Começam vir a público com maior intensidade, denúncias de fatos que mostram deficiências e o fracasso administração do Sistema Penitenciário do Estado. A SEAP tenta por todos os meios demonstrar para a opinião pública de que trabalha com a questão de ressocialização, mas na verdade ela parece que funciona apenas no discurso, no papel e na propaganda política do Governo do Estado.

O caso de Imperatriz é uma vergonha acentuada de que instrumentos de segurança, alguns muitos caros, como o de videomonitoramento em que ele não pode deixar ponto cego onde está a população carcerária e a vigilância, inclusive o pessoal armado das guaritas, pelo menos deveria funcionar, a não ser que tenha havido facilidades. O que é preciso ser investigado pela Polícia Civil, de como os 04 bandidos conseguiram sair da cela e não teriam serrado as grades e surpreenderam os agentes penitenciários de plantão, tendo eles imobilizado todos, amordaçaram e amarraram e se dirigiram para um portão lateral da unidade prisional, tendo trocado de roupas e posteriormente ganharam a rua.
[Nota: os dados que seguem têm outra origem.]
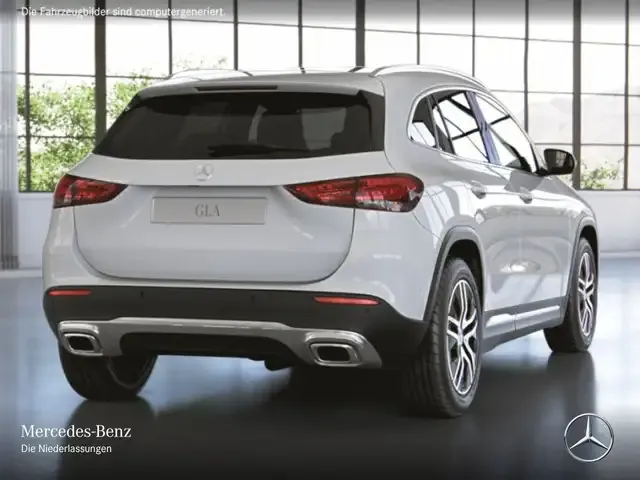 Mercedes-Benz GLA 200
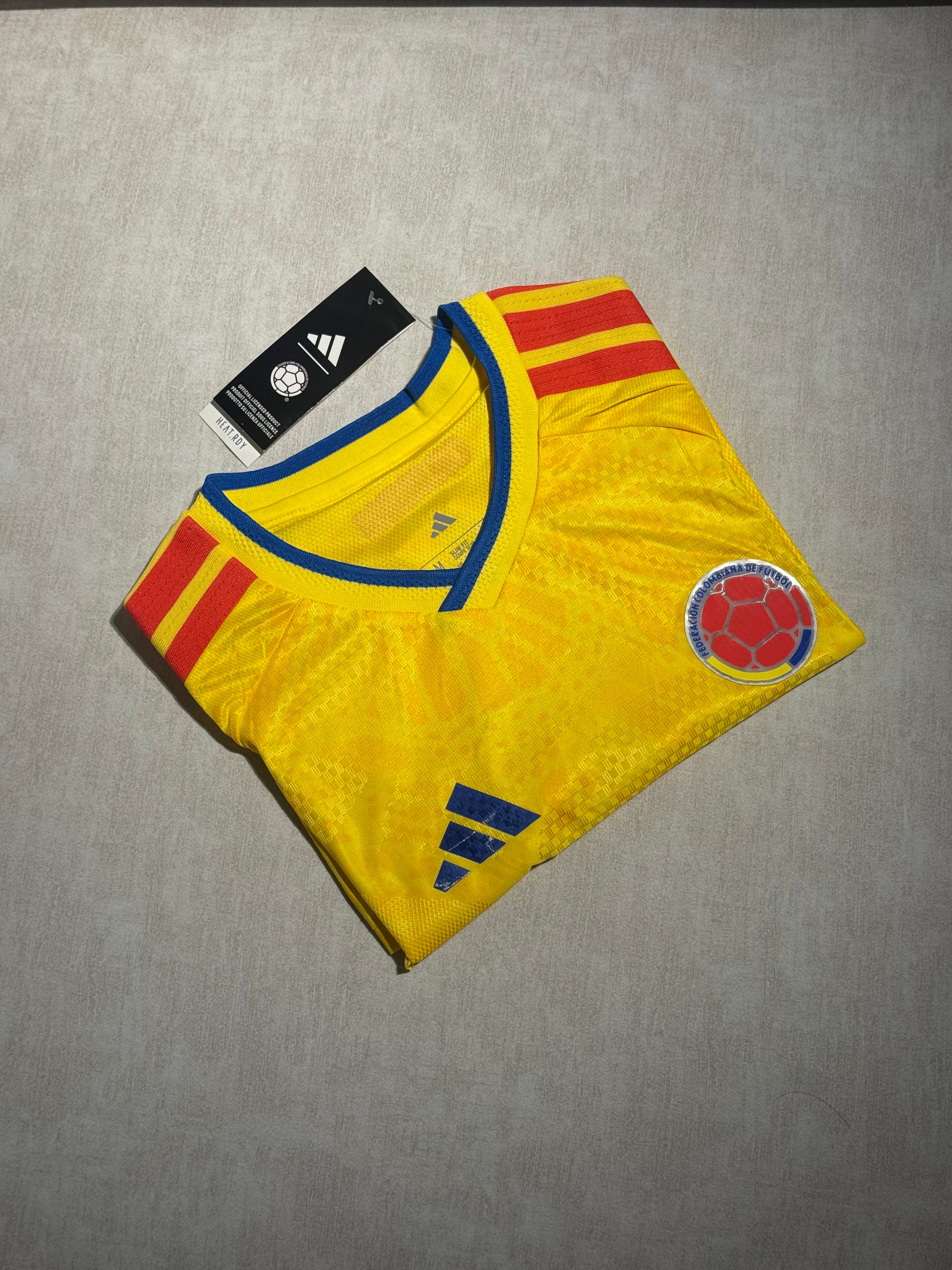 Camiseta Selección Colombia Local 26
Câmeras de várias residências registraram a fuga e como não ouviram qualquer sinal de alerta, pela manhã alguns moradores foram ao presidio informar aos plantonistas das guaritas, que havia ocorrido fugas em que eles não viram e logo em seguida encontraram os agentes amarrados e amordaçados.

                       Sistema Penitenciário do Maranhão está em crise?
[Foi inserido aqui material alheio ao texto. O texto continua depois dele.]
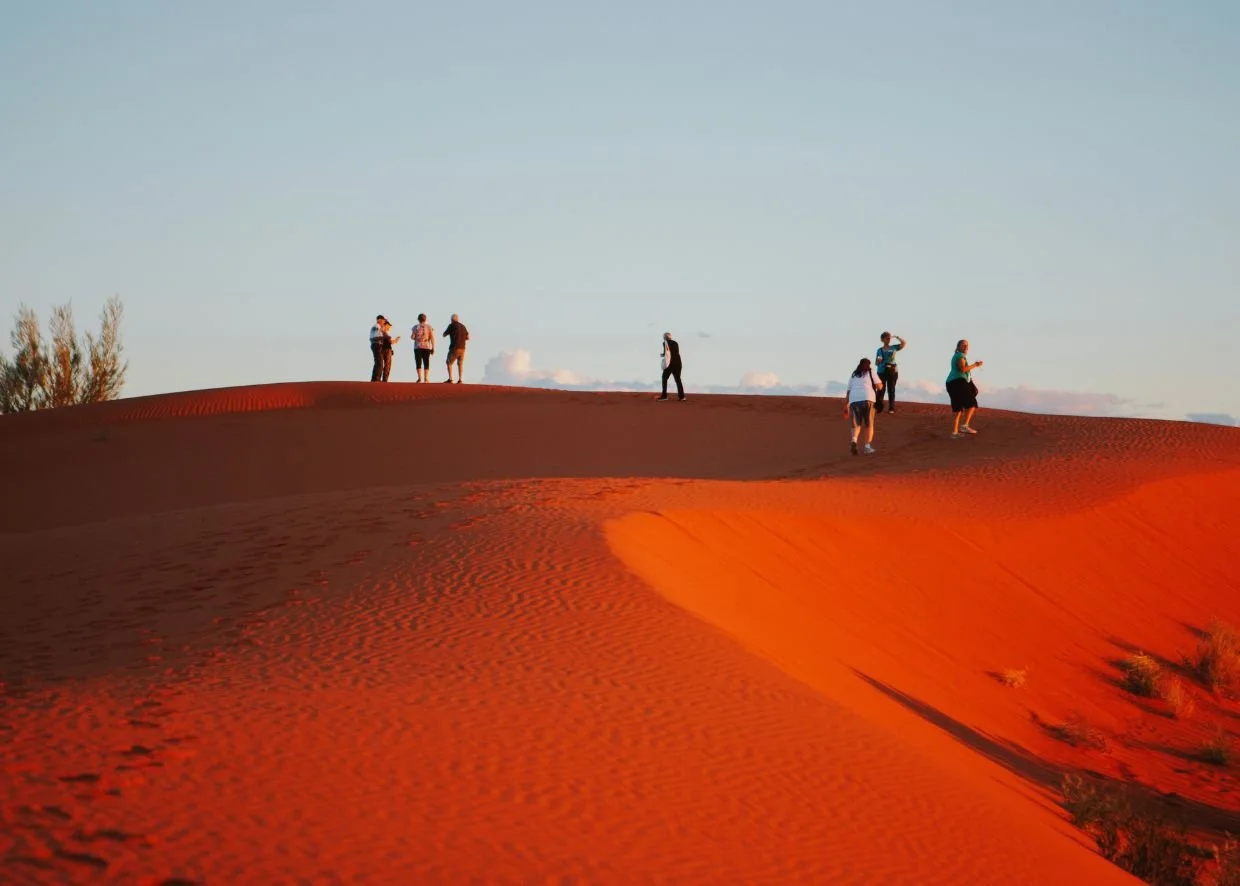 QUEENSLAND’S SOUTHERN OUTBACK TRAIL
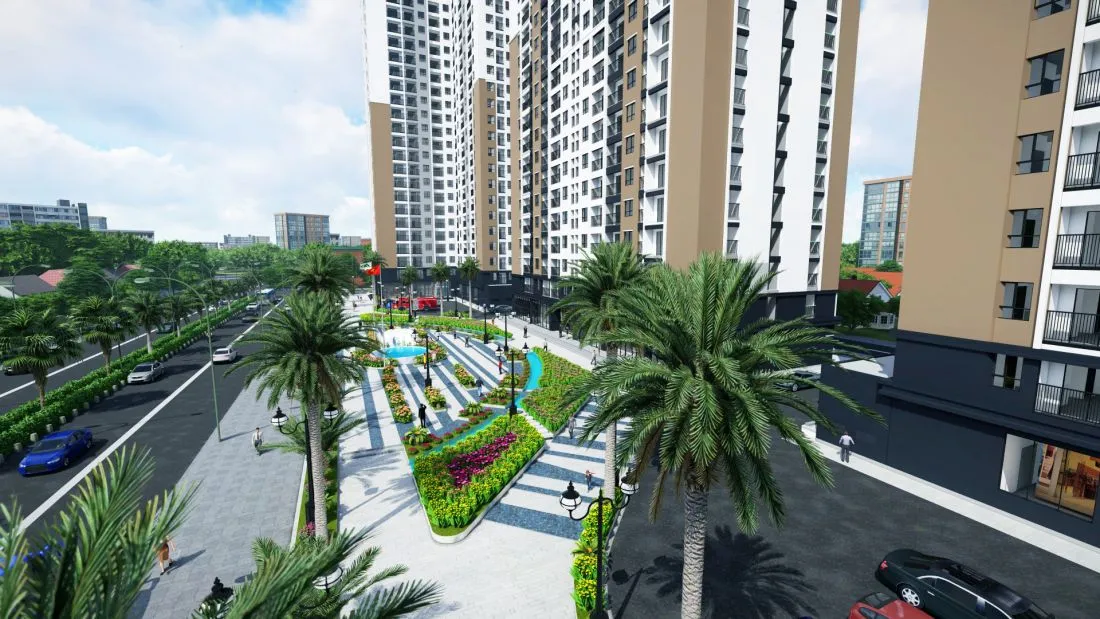 Xuân Mai Tower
Ao se relatar um fato de tal natureza, até parece piada o serviço de vigilância e segurança da unidade da Penitenciária de Imperatriz, e naturalmente suscitam muitas desconfianças. É mais um exemplo do caso do detento que foi encontrado morto dentro do banheiro de uma cela um uma unidade do Complexo Penitenciário de Pedrinhas. O serviço de videomonitoramento não viu nada e muito menos qualquer alteração, e se disse surpreendida com a morte do preso. A Polícia Civil está fazendo a investigação, mas tudo leva crer, que ele tenha sido assassinado.

Recentemente, a Polícia Civil desarticulou um grupo criminoso dentro do Complexo Penitenciário de Pedrinhas, em que policiais penais e agentes penitenciários faziam negociações com presos para a circulação de drogas, bebidas, celulares e outras facilidades, dentre as quais a denúncia de que bandidos perigosos fossem incluídos nas saídas temporárias, mediante muito dinheiro. As investigações estão em andamento e delas podem surgir novos fatos, envolvendo mais pessoas, em que podem estar o pessoal da república mineira do Secretário de Administração Penitenciária, a grande manipuladora de todo o Sistema.
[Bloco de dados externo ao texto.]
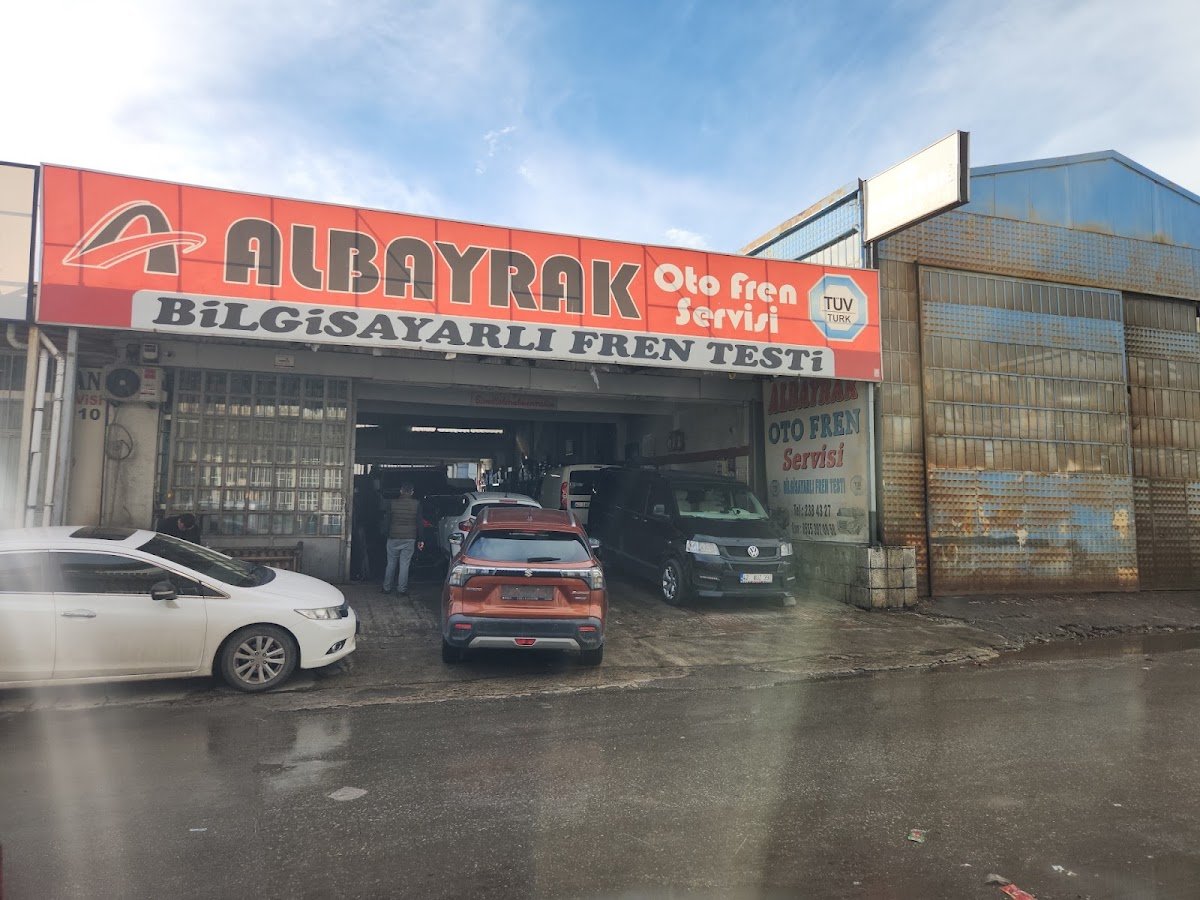 Albayrak Oto Fren Servisi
O fracasso da administração do Sistema Penitenciário do Maranhão avança pelo interior do Maranhão. O caso da Penitenciária de Timon é um deles, em que o diretor persegue com assédio moral e maus tratos servidores e prestadores de serviços. Mesmo diante da denúncia feita pelas vítimas ao desembargador Marcelo Carvalho Silva – Coordenador Geral da Coordenadoria de Monitoramento, Acompanhamento e Fiscalização do Sistema Carcerário do Maranhão e da determinação dele ao secretário Murilo Andrade para uma solução imediata do problema, até a semana passada, tudo continuava como antes, muito embora o desembargador tenha se manifestado pelas providências. desde o dia 21 de maio do presente exercício.

Outro fato sério e bastante arriscado que poderia ter causado sérios problemas e até de consequências inimagináveis, foi a transferida de toda a população carcerária com 160 presos da Unidade de Santa Inês para a Unidade do Anil, está já superlotada. A transferência foi feita com mais de 20 viaturas e embora o GEOP entendesse que era uma operação arriscada, foi obrigado a atender a determinação do secretário Murilo Andrade. Se alguma quadrilha entendesse de fazer resgate de presos, o que resultaria da operação. São ações de tal natureza, que mostram a realidade dos constantes fracassos que são expostos da realidade atual do Sistema Penitenciário do Maranhão.